Tuesday, December 18, 2012

Congo militia boss Ngudjolo acquitted of war crimes at Hague

Mathieu Ngudjolo Chui at the Hague(May 2012) 


DR Congo Seeks Democracy 

Former Congolese militia leader Mathieu Ngudjolo Chui has been acquitted by the International Criminal Court of war crimes and crimes against humanity.
The case related to the 2003 killings of 200 residents of Bogoro village in the mineral-rich Ituri region of the Democratic Republic of Congo.
The court in the Hague heard reports of victims being burned alive, babies smashed against walls and women raped.
Mr Ngudjolo denied ordering the attack, saying he learned of it days later.
He had been charged with seven counts of war crimes and three of crimes against humanity. Prosecutors said he had enlisted child soldiers to carry out the killings. Some of the killings were carried out with machetes.
But presiding Judge Bruno Cotte said the court acquitted Mr Ngudjolo of all charges, saying the prosecution had "not proved beyond reasonable doubt that Mathieu Ngudjolo Chui was responsible" for the crimes committed.

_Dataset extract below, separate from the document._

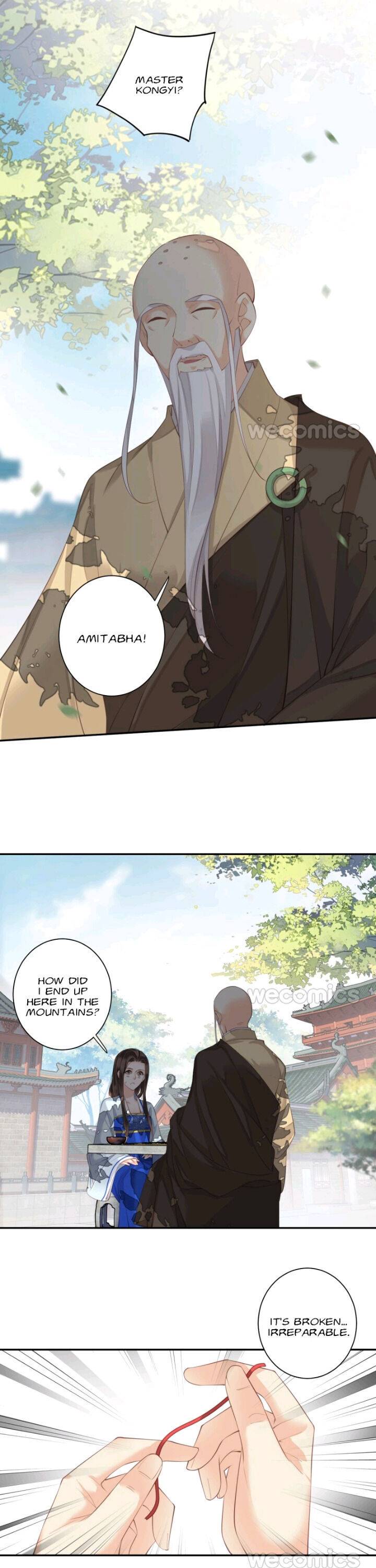 Page 9 of Chapter 140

He said the decision was unanimous, and that witness testimony had been "too contradictory and too hazy".
Fighting is still going on in the mineral-rich Ituri region. All the different armed groups in the area have formed a coalition. They include Mr Ngudjolo's FNI, which is drawn from the Lendu ethnic group, and its former enemies from the Hema ethnic group.
Some former fighters joined the army during a series of peace deals, but all the others in this region have now joined together. As ever, they are fighting for control of the region's gold mines, as well as for their own protection.
A UN report says the rebels are backed by neighbouring Rwanda, which denies it.
The violence in Ituri was a part of the DR Congo war. It remains overshadowed by fighting elsewhere in eastern DR Congo. Some 50,000 people were killed in the province in four years before the European Union sent a peacekeeping force in 2003 - its first mission outside Europe.
In its summary, the court stressed that the ruling does not mean it believes no crimes were committed in Bogoro "nor does it question what the people of this community have suffered on that day".
"The chamber also emphasised that the fact of deciding that an accused is not guilty does not necessarily mean that the chamber finds him innocent," the ICC said in a statement.
"Such a decision simply demonstrates that, given the standard of proof, the evidence presented to support his guilt has not allowed the chamber to form a conviction 'beyond reasonable doubt'."
Judge Cotte ordered Mr Ngudjolo's immediate release, but prosecutor Fatou Besnouda said she intended to launch an appeal. A verdict on whether he should be kept in custody is expected later on Tuesday, and any hearing will be held in 2013.

'A hard blow'
Human Rights Watch said the verdict "leaves the victims of Bogoro and other massacres by his forces without justice for their suffering".
"The ICC prosecutor needs to strengthen its investigations of those responsible for grave crimes in Ituri, including high-ranking officials in Congo, Rwanda and Uganda who supported the armed groups fighting there," said Geraldine Mattioli-Zeltner, the group's international justice advocacy director.
 Prosecutor Fatou Bensouda said she intended to appeal against the verdict
The Coalition for the ICC, a campaign group that monitors the court's work, said the verdict was "a hard blow for the victims and affected communities who had placed all their hopes in the Court to deliver justice, considering the great harm they suffered during the ethnic war in Ituri".
The verdict is only the second in the 10-year history of the ICC, and the first acquittal.
In March, Congolese warlord Thomas Lubanga, Mr Ngudjolo's enemy in Ituri, was found guilty of recruiting and using child soldiers between 2002 and 2003. He was sentenced to 14 years in jail.
The conflict in Ituri was a distinct part of the war that raged in DR Congo following the 1994 genocide in neighbouring Rwanda and involved troops and fighters from several neighbouring countries.
Militia leaders from all sides have been accused of using the conflict to profit from the region's mineral reserves, especially gold.